E o que se pode esperar no próximo ano?
Teremos o mesmo nível de crescimento, mas não haja dúvidas de que a partir de finais de 2017 ou começo de 2018 a economia voltará a disparar e essa será a altura certa para os bancos assumirem mais riscos porque haverá mais liquidez, mais fluxo e mais negócio. Se estas entidades estiverem preparadas para esse momento, o nível de risco que se irá assumir nessa altura será melhor. Esta fase conturbada deve ser atravessada continuando a produzir e a vender, ainda que a níveis baixos, é preciso continuar a pagar salários, embora não se espera grandes aumentos.
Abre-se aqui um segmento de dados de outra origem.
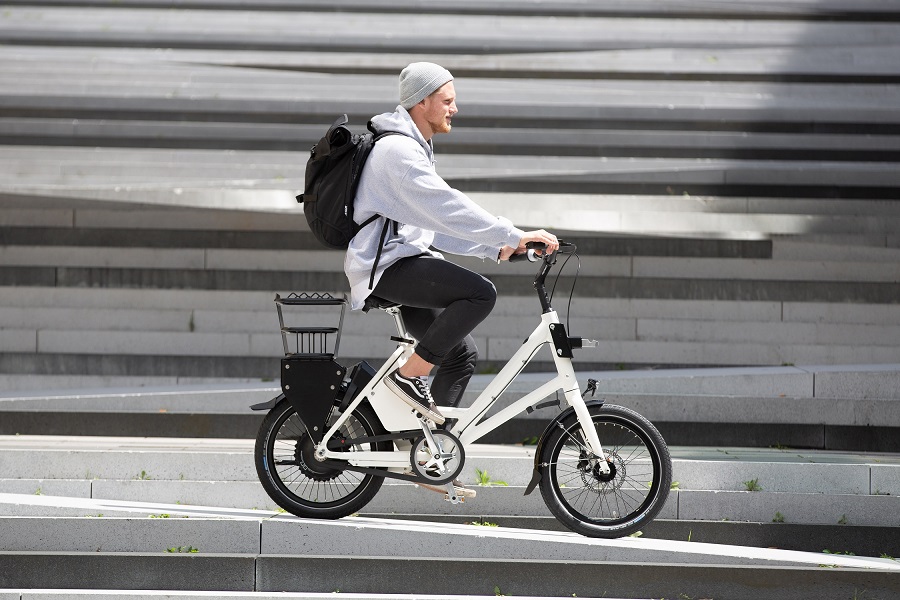 Elektrisch unterwegs - dank Pedelec-Sharing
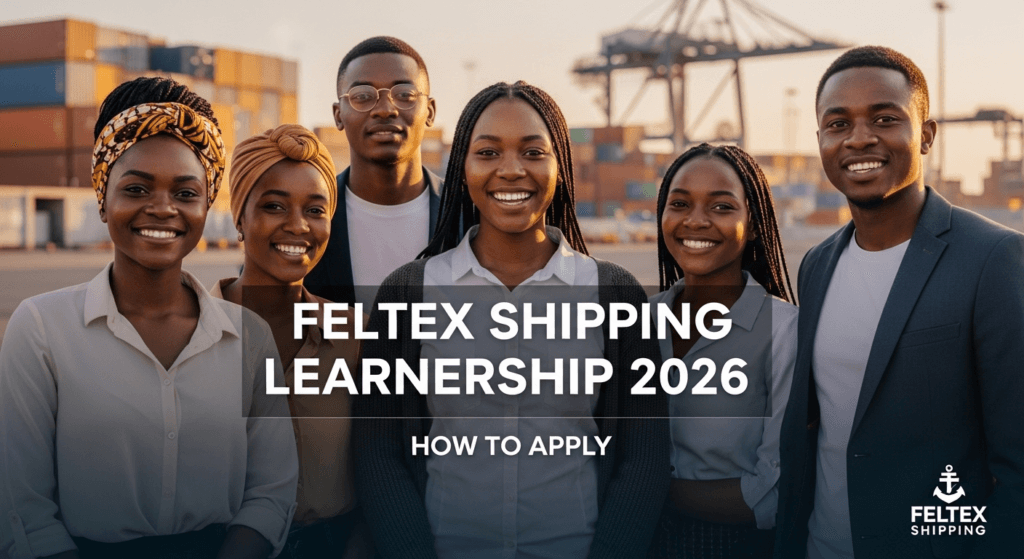 Feltex Shipping Learnership 2026: How to Apply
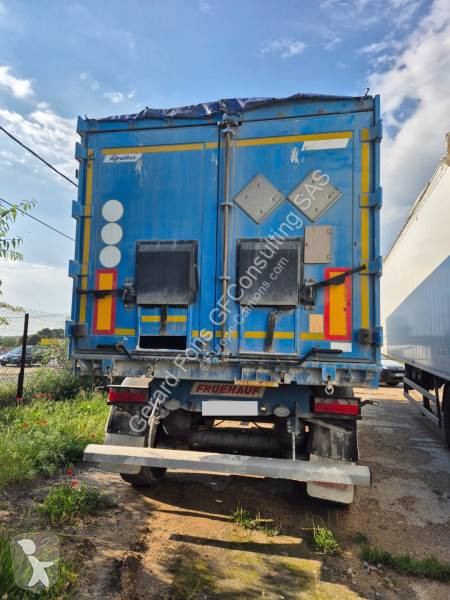 Semi remorque Fruehauf 040FHFSM262N266
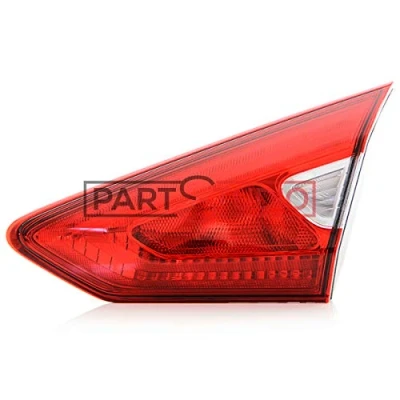 Afbeelding van Bumper onderdelen BLIC 5513 00 0070930P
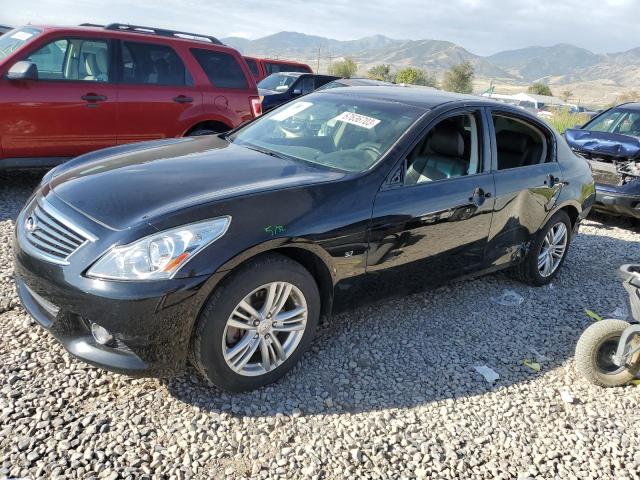 Infiniti Q40 (2015)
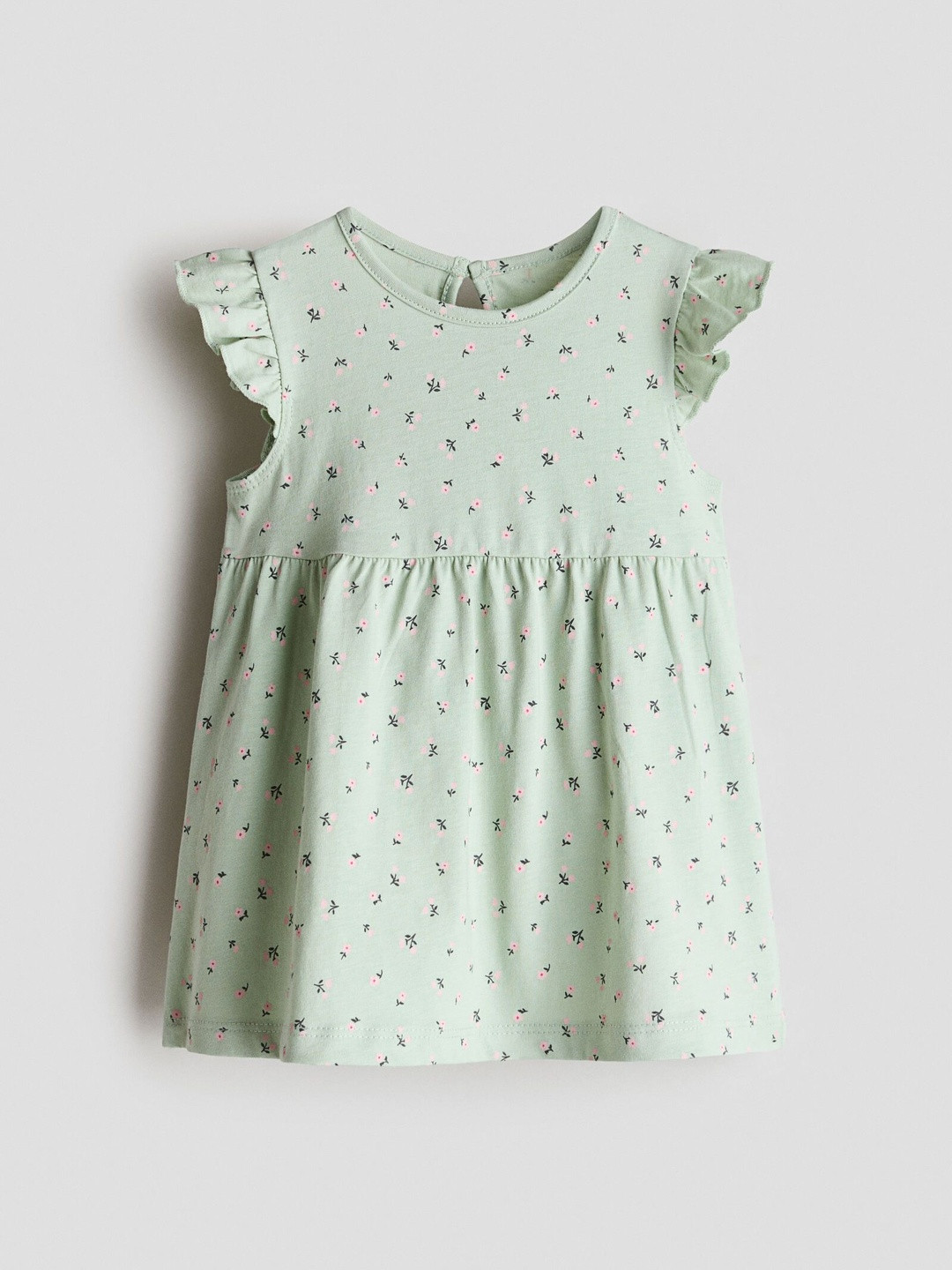 H&M Cotton Dress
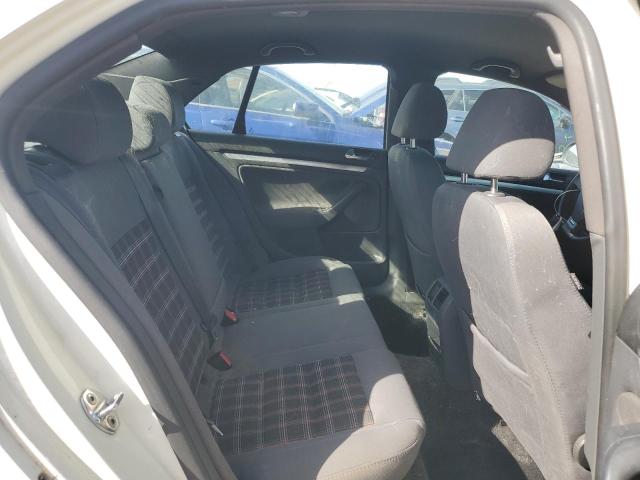 3VWBA71K38M186699 - 2008 VOLKSWAGEN GLI WHITE photo 10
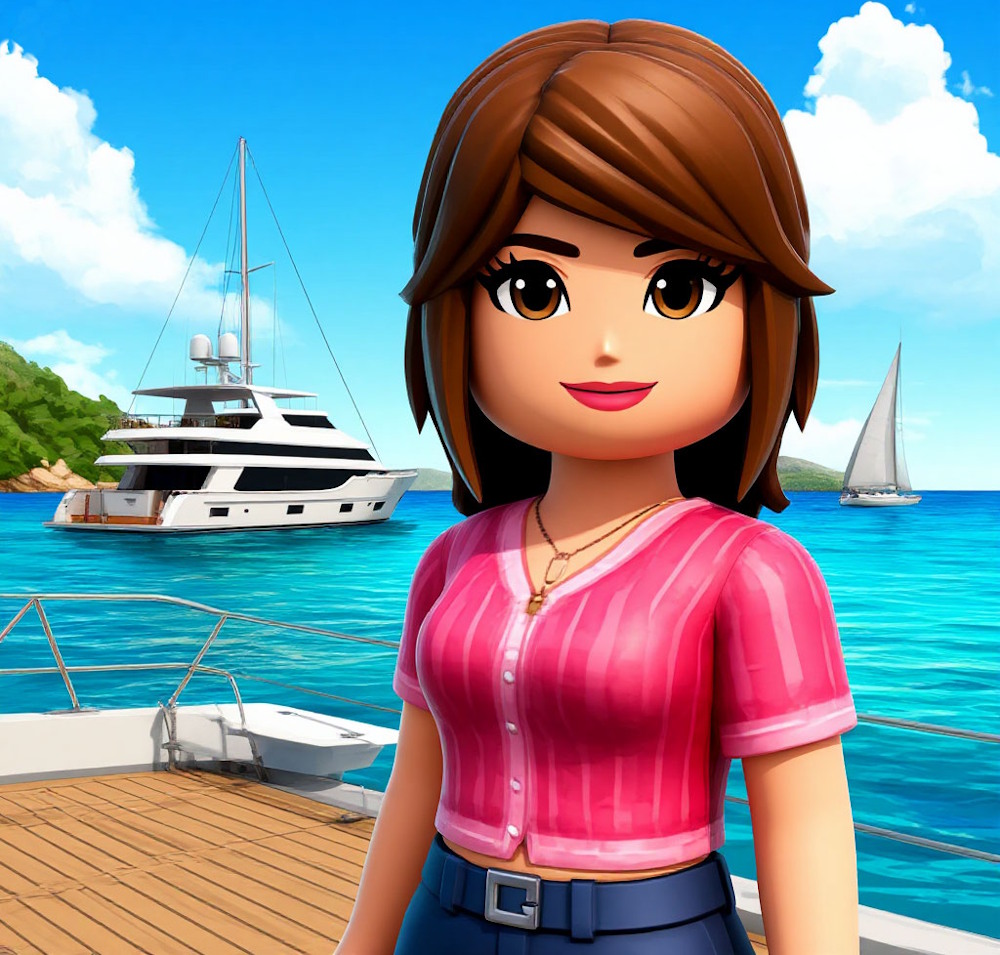 что такое roblox 3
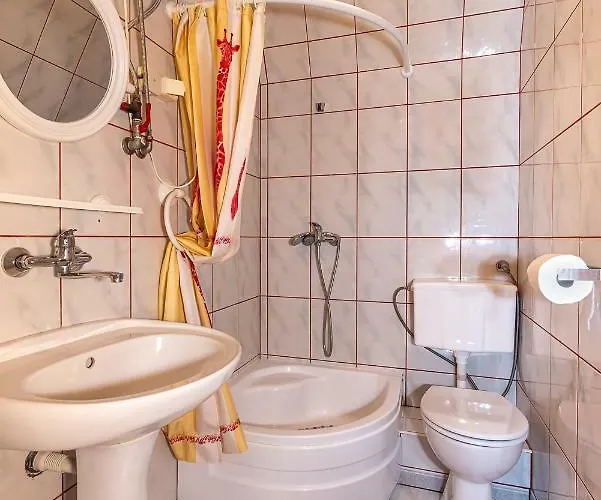 Homestay szállás Baron Łeba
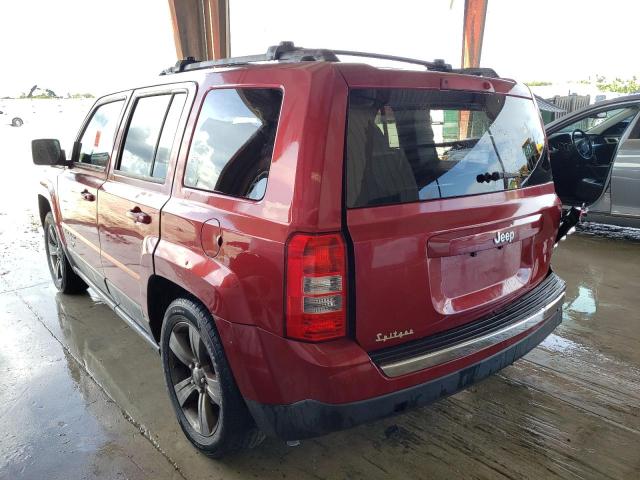 Photo 3 from auction – 2014 JEEP PATRIOT with VIN 1C4NJPFA8ED590461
Tudo isso deve acontecer de forma moderada, depois de muita ponderação.
Tem optimismo em relação ao futuro?
Somos extremamente positivos na perspectiva de médio e longo prazo.
Porque assume que o crescimento só volta em finais de 2017 ou começo de 2018?
Porque estamos no momento de renegociação das dívidas. Esta renegociação só irá decorrer depois do anúncio do resultado da Auditoria Forense que poderá ocorrer em finais de Fevereiro. Depois deste anúncio será necessário sentar à mesa com os credores e isso poderá levar um ou dois meses, ou seja, irá até por volta de Abril. Depois da definição da estrutura da dívida pública é que o Estado moçambicano terá a visibilidade sobre como aplicar o seu orçamento e, nessa altura estaremos em finais de Abril, ou seja, o primeiro semestre do próximo ano será de ajustamento macroeconómico, fiscal, da própria dívida pública.
E os investidores estão a observar estes momentos todos para saberem se voltam ou não…
A confiança do investidor estrangeiro só irá voltar caso a economia dê sinais. Os tempos que indiquei são públicos, mas pode ser que aconteça algo antes se o governo acelerar os passos. Há focos positivos que estão a surgir, como é o caso da ENI que anunciou a decisão final de investimento, mas este anúncio significa que a questão dos contratos de venda estão assegurados, porém, falta termos os financiadores a assumirem o projecto antes que ele arranque.
Se o projecto da ENI arranca?
Isso poderá acontecer, provavelmente, em meados do próximo ano e poderá ser de uma forma extremamente agressiva e ai temos que estar todos preparados porque Moçambique perdeu dois anos com a economia praticamente estagnada, com tendência a recessão, mas estagnada. Ao chegarem, estes grandes projectos não estarão preocupados em saber quem está preparado e quem não está porque se não estiverem preparadas para prestar serviços eles vão contratar no exterior. O país não pode parar a espera que se esclareçam as dívidas públicas ou que se anuncie o investimento da Anadarko. As empresas têm que se preparar agora. Este é o momento certo.